The US Supreme Court has turned down an appeal from Los Angeles County that seeks to shield Sheriff Lee Baca from a California negligence lawsuit filed by an inmate who was attacked by other inmates while behind bars in 2006. The plaintiff, Dion Starr, claims that gang members stabbed him 23 times while he was at the Central Men's Jail. He also contends that a guard not only saw what happened and refused to intervene, but also that the latter kicked him in the face.

Starr is suing Baca and the deputies and guards that were at the assault scene that day for Los Angeles personal injury. He claims that a deputy even unlocked his cell door, which is how the gang inmates got to him. He says that even though Baca knew there was violence at the LA County jail after special counsel Merrick Bobb issued a report about inmate injuries and deaths (some were caused by other inmates) in 2005, the sheriff had been "deliberately indifferent" to the dangerous conditions there.

In 2008, a federal judge dismissed Starr's Los Angeles personal injury lawsuit on the grounds that the U.S. Supreme Court previously had found that top law enforcement officers cannot be held liable for subordinates' discriminatory actions and that there was no evidence to personally connect Baca to the attack. However, last year the U.S. 9th Circuit Court of Appeals ruled in this case that Starr could sue the sheriff.
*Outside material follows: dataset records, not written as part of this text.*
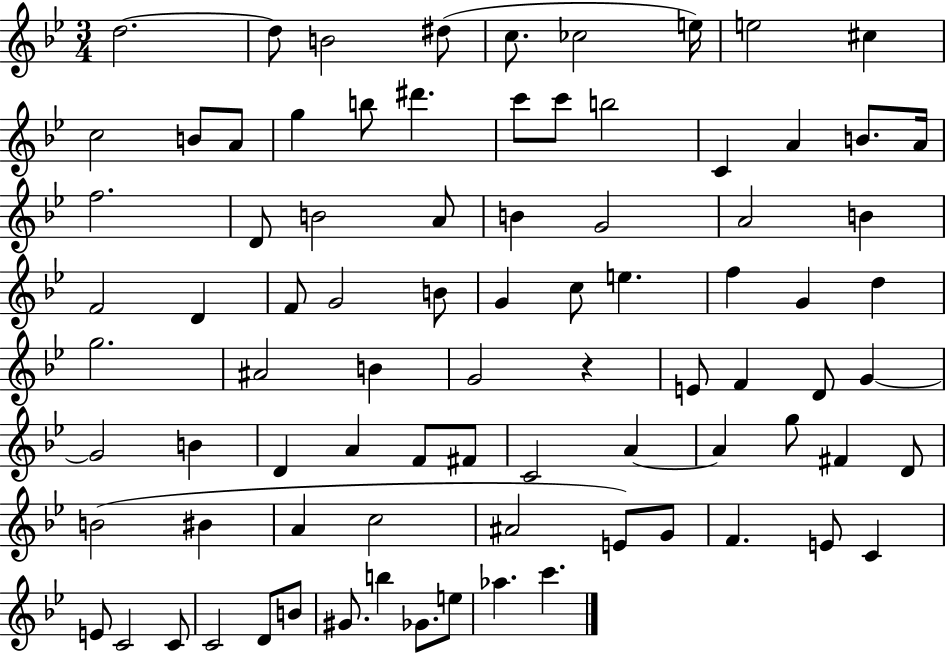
{
  \clef treble
  \numericTimeSignature
  \time 3/4
  \key bes \major
  d''2.~~ | d''8 b'2 dis''8( | c''8. ces''2 e''16) | e''2 cis''4 | \break c''2 b'8 a'8 | g''4 b''8 dis'''4. | c'''8 c'''8 b''2 | c'4 a'4 b'8. a'16 | \break f''2. | d'8 b'2 a'8 | b'4 g'2 | a'2 b'4 | \break f'2 d'4 | f'8 g'2 b'8 | g'4 c''8 e''4. | f''4 g'4 d''4 | \break g''2. | ais'2 b'4 | g'2 r4 | e'8 f'4 d'8 g'4~~ | \break g'2 b'4 | d'4 a'4 f'8 fis'8 | c'2 a'4~~ | a'4 g''8 fis'4 d'8 | \break b'2( bis'4 | a'4 c''2 | ais'2 e'8) g'8 | f'4. e'8 c'4 | \break e'8 c'2 c'8 | c'2 d'8 b'8 | gis'8. b''4 ges'8. e''8 | aes''4. c'''4. | \break \bar "|."
}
In a 2-1 vote, the three-judge panel said that past decisions made by the high court did not apply to the constitutional violations that Starr is alleging.

In choosing not to hear LA County's appeal, The Supreme Court did not provide comment on why.

"Just because you've been arrested or convicted of a crime doesn't mean you aren't entitled to certain protections and rights," said Howard Law, PC partner and Los Angeles police brutality lawyer Vincent Howard.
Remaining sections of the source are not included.